“Change” is Always the Wrong End-Game!

A leadership manager’s job is to know and understand her or his competition. That’s the same requirement I have as a consultant, so I look in depth for those individuals who are professing something which my pragmatic experience says, “that’s not the issue.”

“Change” is a word I look for in competitive articles, because this normally tells me it is a coach or a mentor who does not know what they are talking about. And they are plentiful!

Change Management! Leading breakthrough change! Driving Change in your Department! Creating Change! Why Change is Hard! Managing Change! Coaching Change! Rebutting Those Against Change!

Nine times out of ten, these articles are driven by business coaches who have a module of L&D, both on site and online. It’s not about mastering the competencies, because most leaders are not prepared to understand the hard-skill competencies of the management function of Organizing. Few leaders even realize there are 6 Functions of Leadership Management: Strategy, Planning, Organizing, Leadership, Teamwork, and Control, and 65 competencies to master.
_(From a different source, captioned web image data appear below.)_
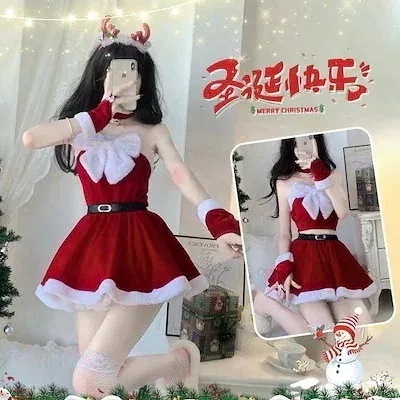 25大人気shanghaihengq[厳選品質]クリスマスサンタコスコスプレヘラジカクリスマスコスムセクシーコスムクリ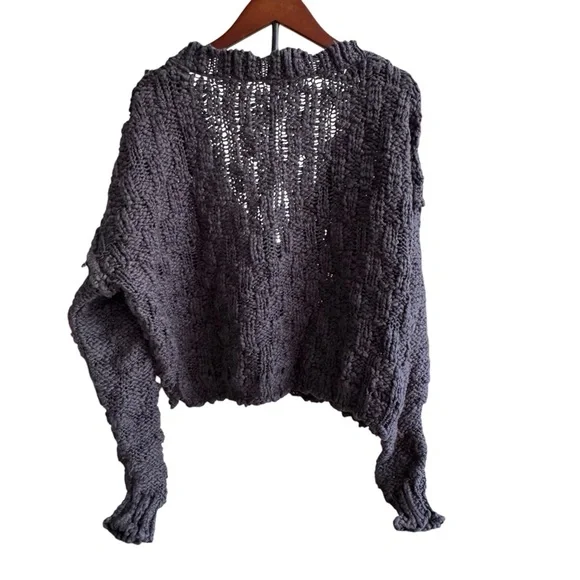 Free‎ People Oversized Bohemian Crop Sweater - Picture 8 of 10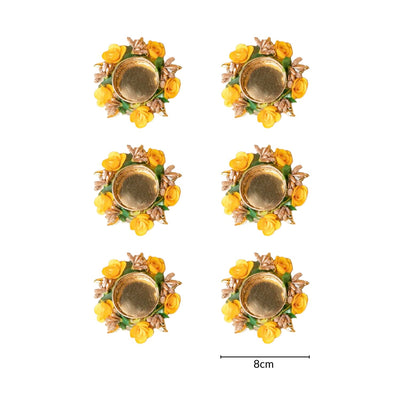 Rose Tea Light Holder Set of 6, Diwali Decoration Items for Home Decor
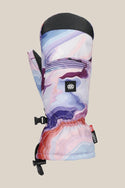 The 686 Womens Jubilee Mitt by 686 is a single waterproof, lightly insulated mitt with a purple-blue-pink-red marble swirl, black strap and thumb tip, front zipper, and a small black-and-white logo patch.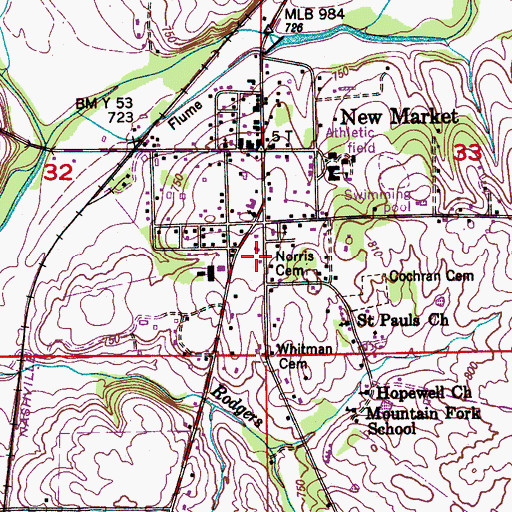 Topographic Map of New Market Volunteer Fire Department Station 1, AL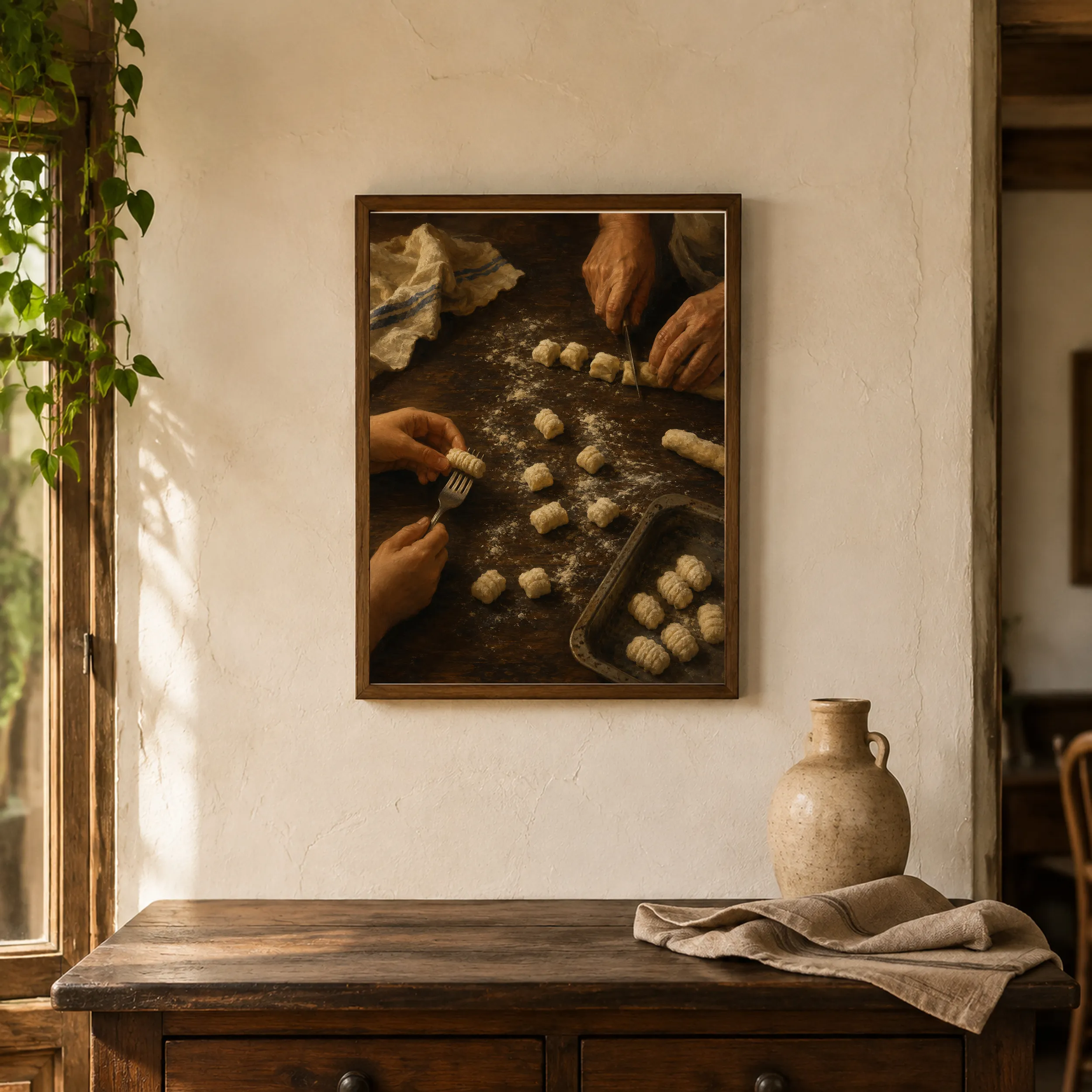 Framed Ñoquis del 29 artwork showing two generations making gnocchi at a flour-dusted wooden table.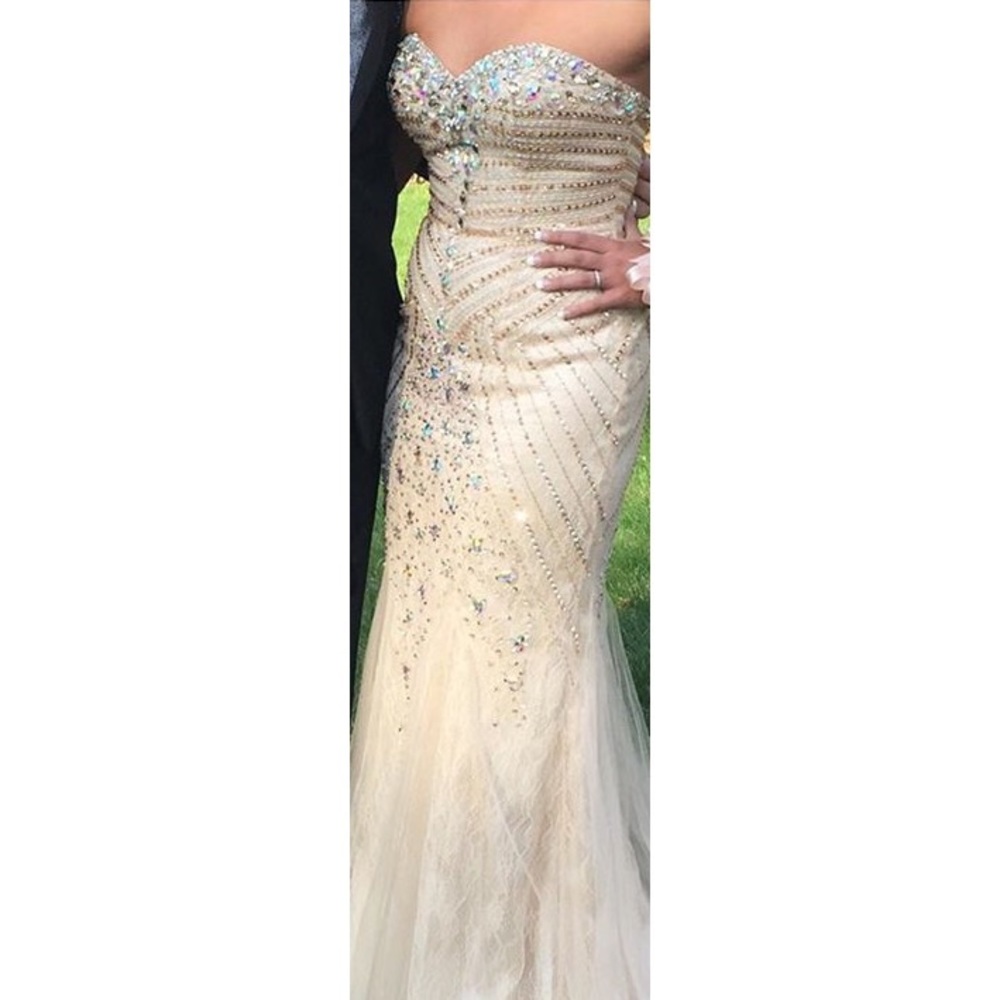 Cream rhinestone prom dress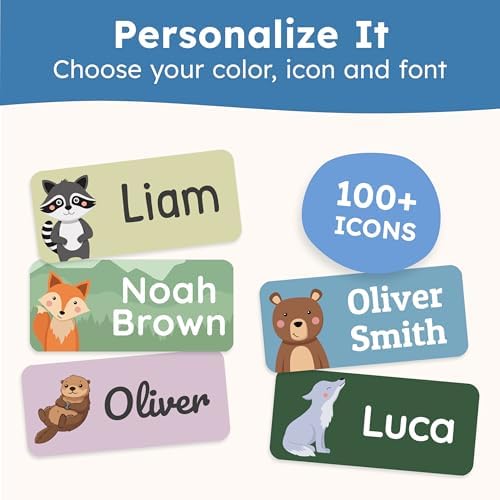 Personalized Name Labels for Kids (70 Labels) - Durable & Waterproof Custom Name Stickers for Clothing Tags, School Supplies, Camp & Daycare - Animal Forest (1.2”x0.5”) - Image 4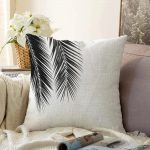 - Sonil-K-5235-Gorsel1 - Realhomes  Siyaz Beyaz Palmiye Yaprakları Dijital Baskılı Raşel Kadife Kırlent Kılıfı Realhomes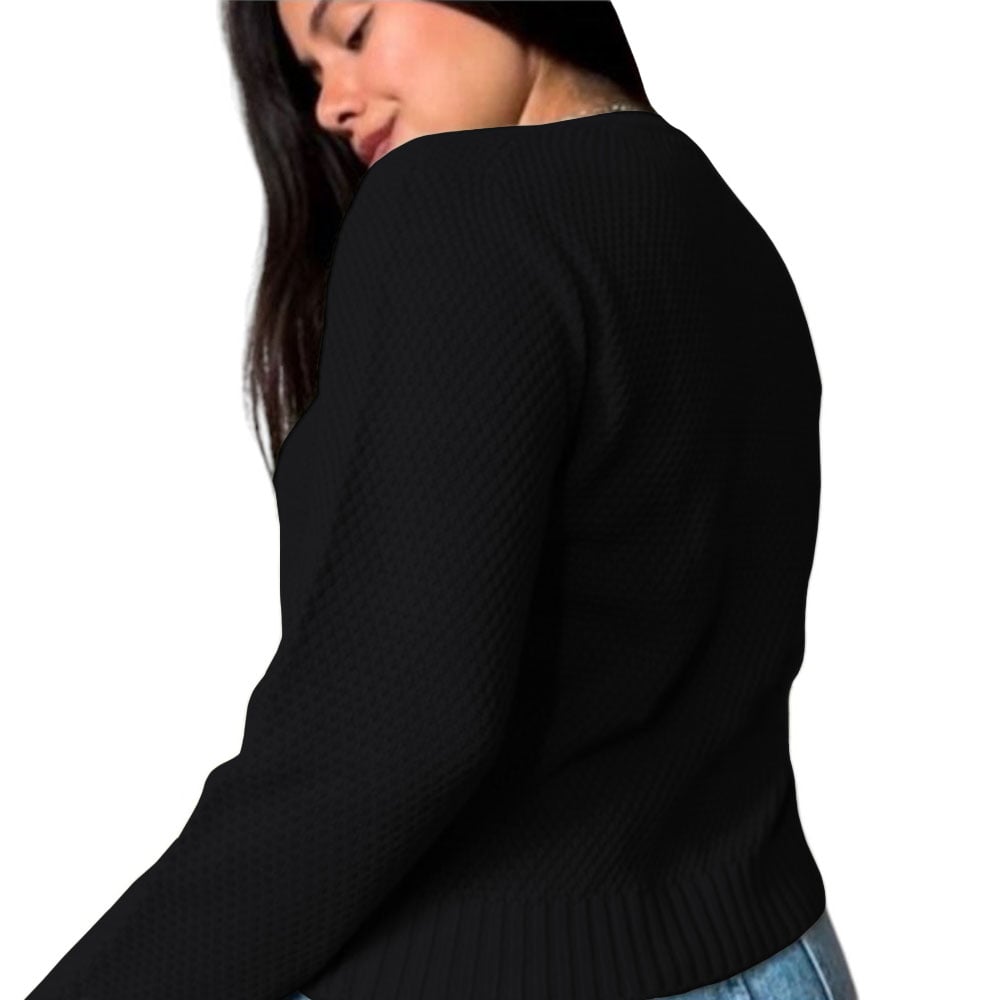CHOMPA MUJER HILO BOTONES MLARGA MELODY 359G-24 COLOR NEGRO - 2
Organizing might be the function where “change” is found, but unfortunately since the year 2002, management consultants do not call it “change” anymore, and there’s a reason for that.

Around 1998, the guru’s at McKinsey, BCG, PWC and Arthur Andersen got together to discuss what “change” was all about, and they determined that “change” was a derogatory word to a CEO or executive, because it had a negative connotation.

That was true, similar to using the word “restructuring.” Say either of those two words at the company’s morning coffee klatsch, and you can bet that at the individual’s dinner table that night, the family will think that layoffs are coming.

Here’s the definition from the Vocabulary for Success.


“Restructuring (See Reformation or Transformation)

To alter, or effect, a fundamental change in an organization or process.

The words “restructuring” and “change” are not used in management since 1998, when a meeting of management consultants determined both words had a negative connotation of layoffs in a company.”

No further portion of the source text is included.